Has approximate knowledge of many things
Web crawlers, also known as spiders, are used by many websites and companies. As an example, Google uses several of them too. In their case, they use crawlers primarily to find and index web pages.
In a business setting, a web crawler can gather important information to gain a competitive advantage in the market, or to catch fraudsters and their malicious acts. But before going into business use cases, let me first explain the terminology.
What is a web crawler?
A web crawler is a bot (AKA crawling agent, spider bot, web crawling software, website spider, or a search engine bot) that goes through websites and collects information. In other words, the spider bot crawls through websites and search engines searching for information.
To give you an example, let’s go back to Google. Their search engine bot would work something like this: Google spider’s main purpose is to update the content of search engines and index web pages of other websites. When the said spider crawls a certain page, it will gather the page’s data for later processing and evaluation.
Once the page is evaluated, a search engine can index the page appropriately. This is why when you type in a certain keyword into a search bar, you will see the most relevant (according to the search engine) web page.
How do web crawlers work?
Web crawlers are provided with a list of URLs to crawl. What the crawler does is it goes through the provided URLs, and then finds more URLs to crawl within the pages. This could become an endless process of course, and that is why all crawlers need a set of rules (what pages should they crawl, when should they crawl, etc.) Web crawlers can:
- Discover readable and reachable URLs
- Explore a list of seeds or URLs to identify new links and add them to the list
- Index all identified links
- Keep all indexed links up to date
What’s more, a web crawler can be used by companies that need to gather data for business purposes. In this case, a web crawler is usually accompanied by a web scraper that downloads, or scrapes, required information.

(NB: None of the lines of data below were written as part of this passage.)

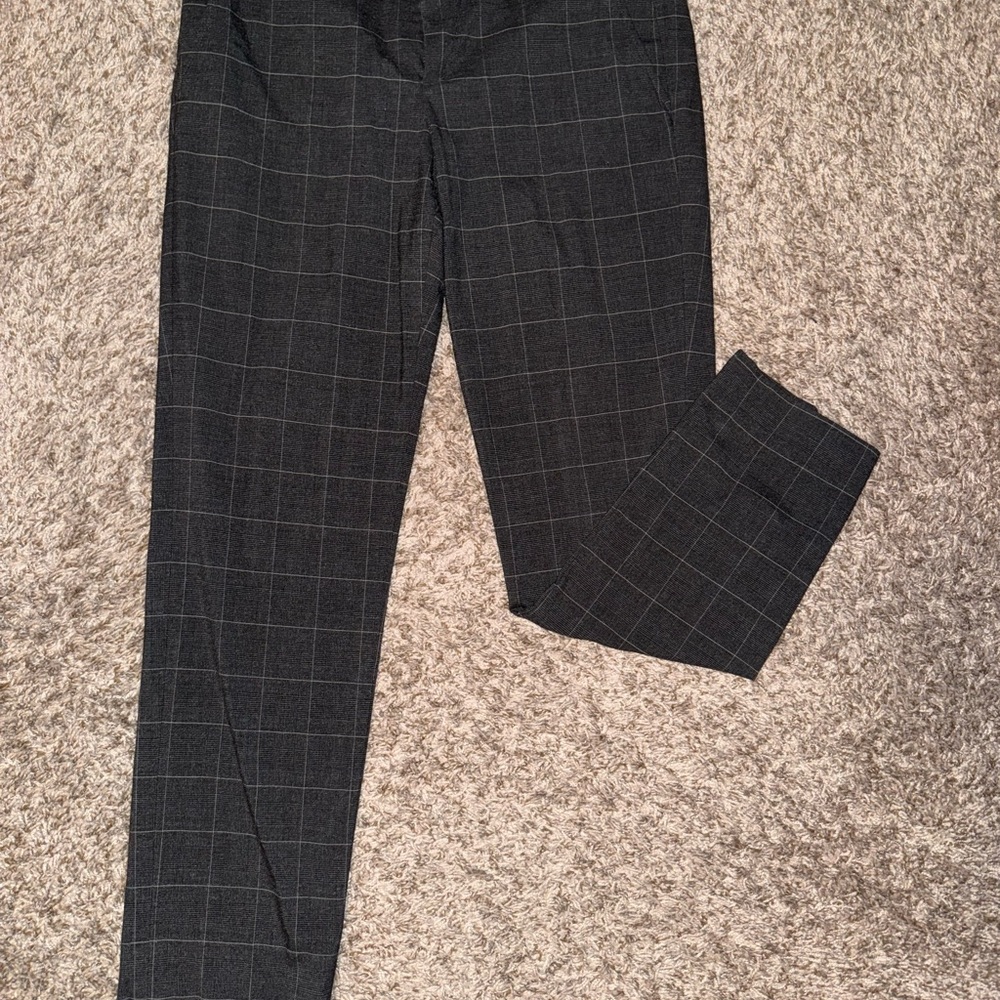 Banana Republic Black Grid Pattern Formal Pants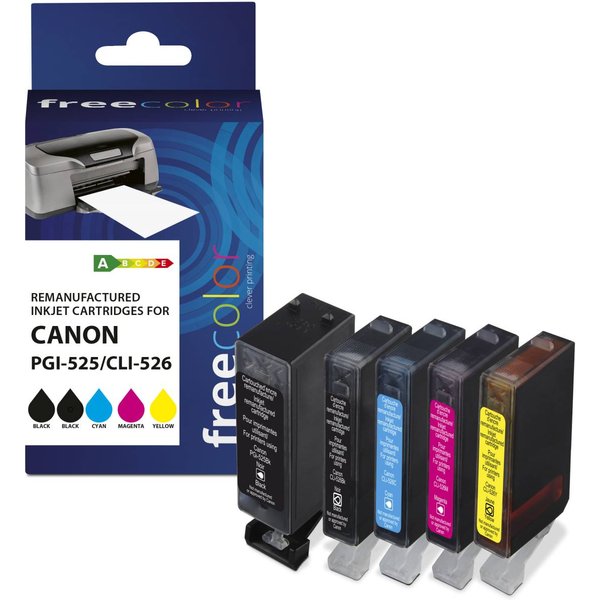 Freecolor Patrone Canon PGI-525XL black + CLI-526XL BK/C/M/Y remanufactured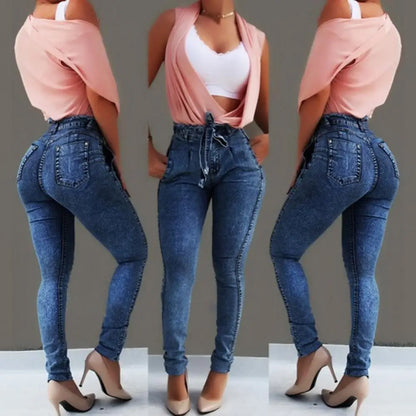 Plus Size Jeans Woman Belted High Waist Skinny Denim Jeans Pants for Women Sexy Denim Pencil Pants Trouser Jeans джинсы женские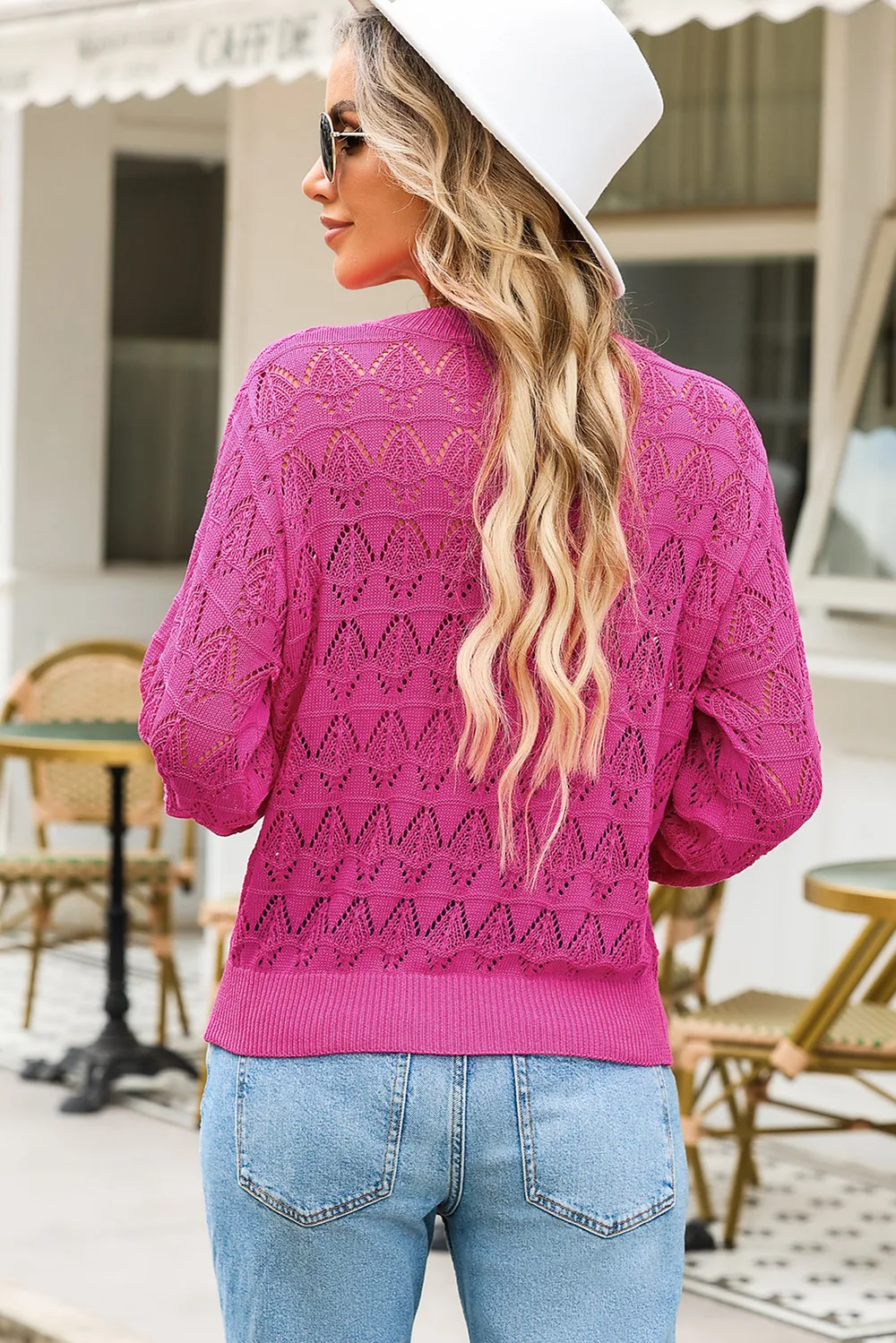 Openwork V-Neck Cardigan, image 16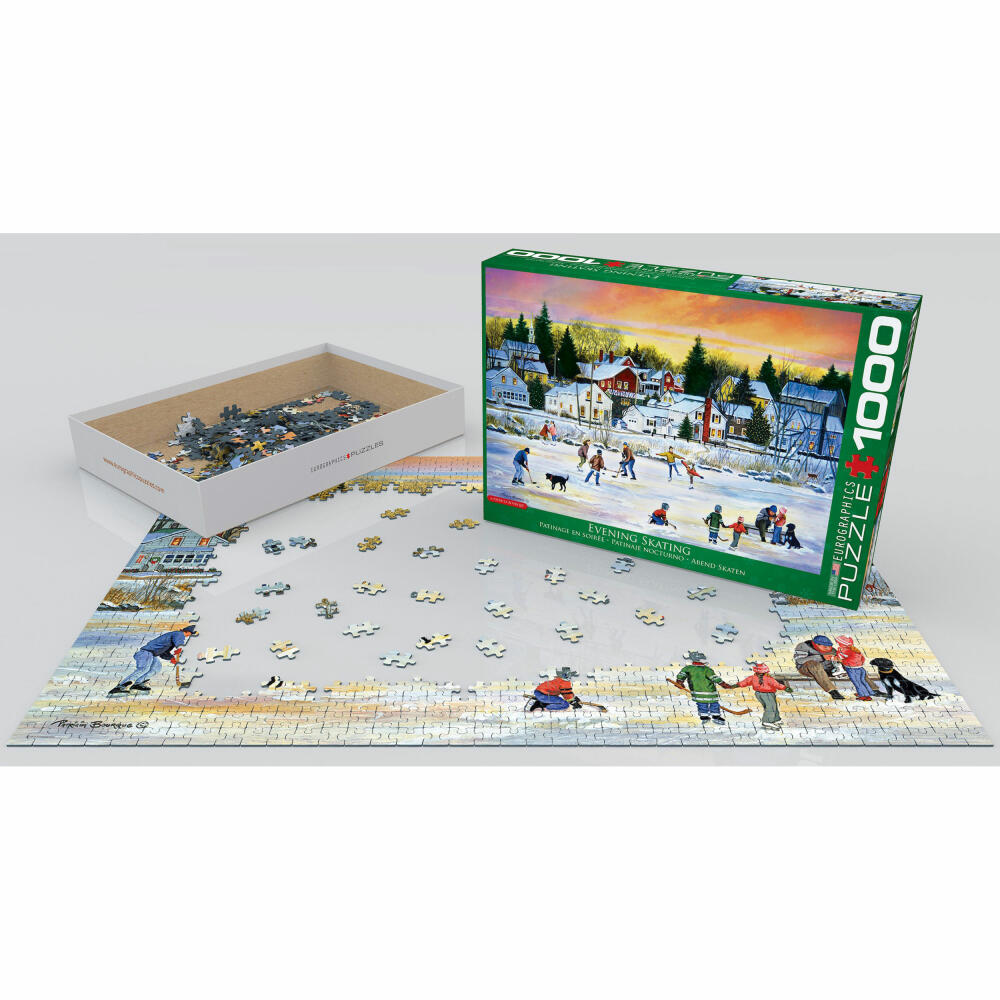 Eurographics Puzzle Abend Schlittschuhlaufen von Patricia Bourque, 1000 Teile, 68 x 48 cm, 6000-5439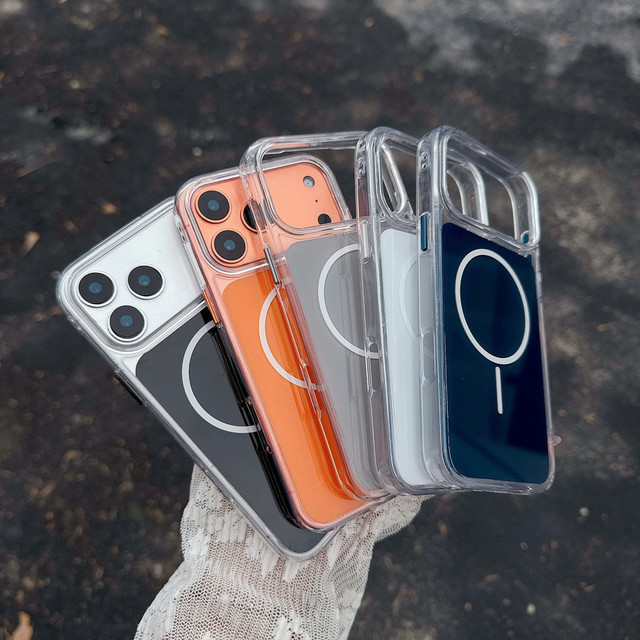 Magnetic Full Cover Shockproof Anti-Drop Protection Clear Colored Phone Case for iPhone 17 Air 13 14 15 16 12 11 Pro Max Plus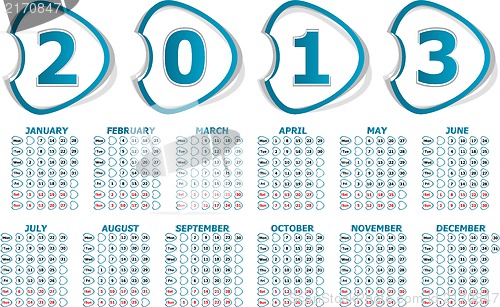 Image of Simple 2013 year calendar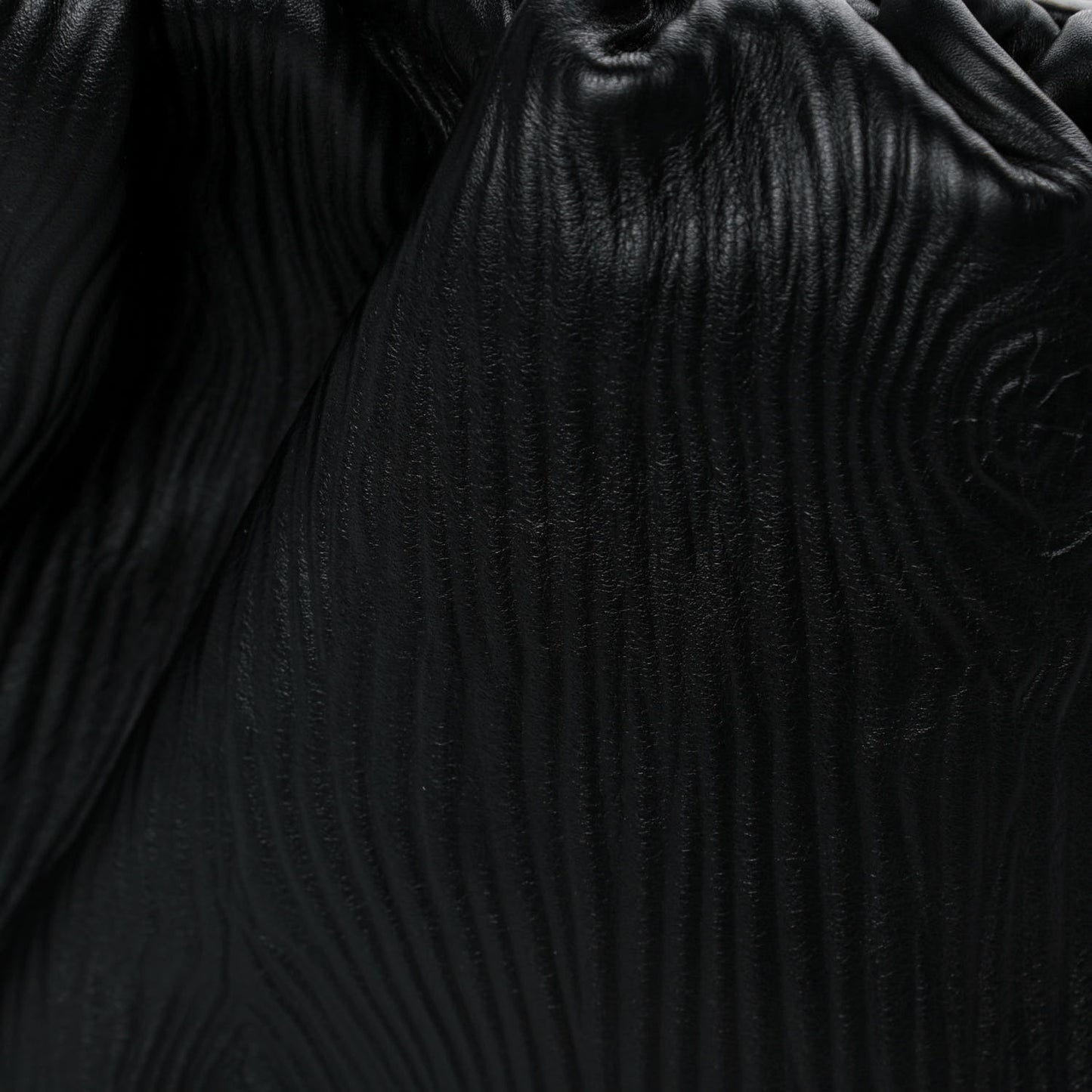 Bark Calfskin Embossed The Pouch Oversized Clutch Black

For business cases, web crawlers and scrapers have to use proxies. Well, they don’t have to, but it is very much encouraged to. Without proxies, data gathering operations would be difficult due to high block-rates.
As with any business operation, there comes a set of challenges one should overcome. Crawling is no exception. The main challenges a crawler can face include:
- Crawling requires a lot of resources – this includes building an infrastructure, creating a storage system for gathered data, employing developers, etc.)
- Overcoming anti-bot measures – even though bots, including crawler bots, are not malicious, they will be flagged as such, and therefore blocked.
- Data validation and cleaning – gathering vast amounts of data means a lot of duplicates and unnecessary information. A solution for data cleaning will be needed.
One of the popular challenges are bot detection and blocks. This can be avoided by implementing proxies as a solution.
Popular proxy types
To prevent getting blocked, it is important to have a pool of proxies on hand, and rotate proxy IPs to avoid detection. The most popular proxy types for crawling are residential and datacenter proxies. Both types allow the user to access content that might be unavailable or geo-restricted, ensure anonymity, and reduce IP address blocks. The wider the set of locations and the pool of IPs your proxy provider has, the better.
The main difference between residential and datacenter proxies is their origin. Residential proxies are IP addresses supported by an Internet Service Provider. They are genuine IP addresses. Datacenter proxies come from data centers, and they are not affiliated with an ISP. Usually, datacenter proxies are used for infrastructure, such as servers, web hosting, and so on.
Popular business use cases
Web crawling can be used to power your business, gain a competitive advantage, or steer away from fraud. Here are a few most popular business use cases that use proxies:
- Market research
- Brand protection
- Ad verification
- Data aggregation
- Pricing intelligence
- SEO monitoring
- Risk management
- E-commerce and retail
- Social media monitoring
Web crawlers are quickly becoming a necessity in the modern business landscape. They are perfect tools for staying ahead of the competition and getting to know what they are and how they work is a good beginning.